FRB: How long have you climbed for?
Richard:
Since June of 1964. I was 18 at the time.
FRB: You've climbed a long time,
what keeps you
going?
Richard: That's difficult to
put in words. I can say that there is a deep satisfaction in the act
and art of climbing. I also get a significant kick out of doing (putting
up) new routes. In any case, after 38 years of rock and alpine climbing,
it feels like I'm still on the honeymoon.
FRB: Who were some of your
early mentors Richard?
Richard: Gaston Rebuffat. I
have one of his very old books, Mont Blanc to Everest. I was also deeply
influenced by John Harlin (senior), Fred Beckey, Jim Whittaker, and
Sir Edmond Hillary. I did not know any of these men personally, just
from books and films. They were mythical heroes to me.
FRB: Who were some of your early
climbing partners?
Richard: I climbed mostly with
college buddies and unsuspecting girlfriends. Inexperience holds the
potential for wild adventure (and disaster). Fortunately, we all survived
those early outings, which included ascents of Rainier and more remote
peaks in the North Cascades. While I was in Special Forces (the Green
Berets, 1966 to 1969) I climbed in the Northern Andes with one of my
teammates.
FRB: Do you climb anymore,
Who do you climb
with usually?
Richard: I still climb frequently,
usually with close friends. Sometimes I climb with the posse, the 'old
guys' in Dream Canyon.
FRB: You must have had many interesting adventures,
can you share
some of them with us?
Richard: My very first climb
was fairly exciting (mentioned above). In 1984 my wife of the time,
Joyce, and I climbed the DC route on Mount Rainier in a day, came home
and took a shower, re-packed and hiked up to a high camp on the west
side of Rainier, then tandem soloed the Central Mowich Face route the
next day - 4500 feet of front pointing, up to 60 degrees near the top.
It got very warm that afternoon and a huge serac broke away above a
feature called the Sickle. The Sickle is a steep chute at the top of
the Tahoma Glacier and was our only option to descend to camp. The main
glacier was laced side-to-side with huge crevasses and could not be
descended. The falling serac gouged the old snow out of the chute exposing
hard, gray ice for about 1800 feet. We were almost to tired to stand...
hell... we were too tired to watch a movie. For psychological effect,
more seracs teetered nervously above us. We front pointed backwards
all the way to where the Sickle opens onto the lower glacier. We staggered
back to our tent at dusk. We had planned to be home, watching a movie.
FRB: What else do you like to do besides climb?
Richard: I love motorcycles.
I have a couple of Harleys and a Ducati 996s. Some of my friends have
sportbikes and we have a lot of fun tearing up the canyons. I went to
Freddy Spencer's road racing school last fall. That was really a blast.
Las Vegas Motor Speedway. You drop into one of the turns without even
hitting the brakes at 120 mph. That's exciting. The art of the turn.

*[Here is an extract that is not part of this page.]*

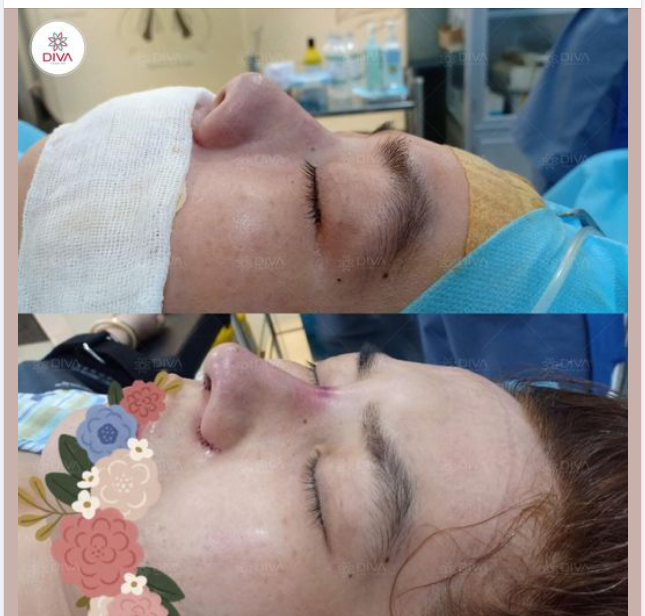 NÂNG MŨI SLINE - MŨI ĐẸP ĐÓN TẾT TÀI LỘC!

Any fool can go fast in a straight line. I also love to run and I ride
road bikes (bicycles). Mogul skiing helps pass the long winters.
FRB: What made you decide to start
doing climbing
guides.
Richard: I must have fallen
on my head when I was a baby.
FRB: You are also an artist, where can we
find some of
your artwork?
Richard: I
have no work displayed in Boulder at this time. I used to do shows here...

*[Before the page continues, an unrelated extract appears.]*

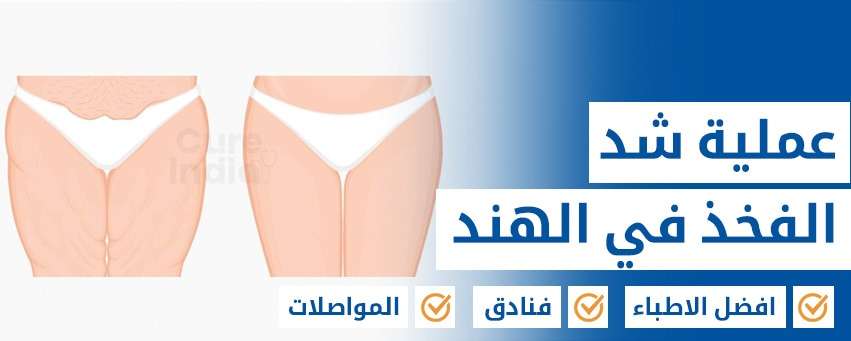 رفع الفخذ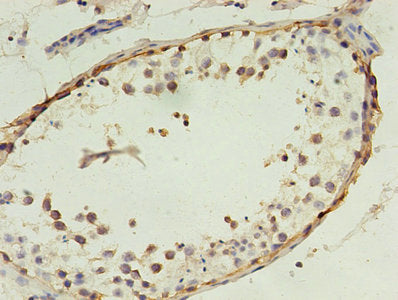 MAGEA4 Antibody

until I started writing guide books. I have done illustrations for other
people's books such as Jim Erickson's Rocky Heights, Steve Ilg's The
Outdoor Athlete, and more recently, Jeff Lowe's Ice World. If you track
down any of these books you can see a little of my work, but I do not
consider illustrations to be fine art, nor topos for that matter. I
used to do large oil paintings and drawings. Most of that work was sold.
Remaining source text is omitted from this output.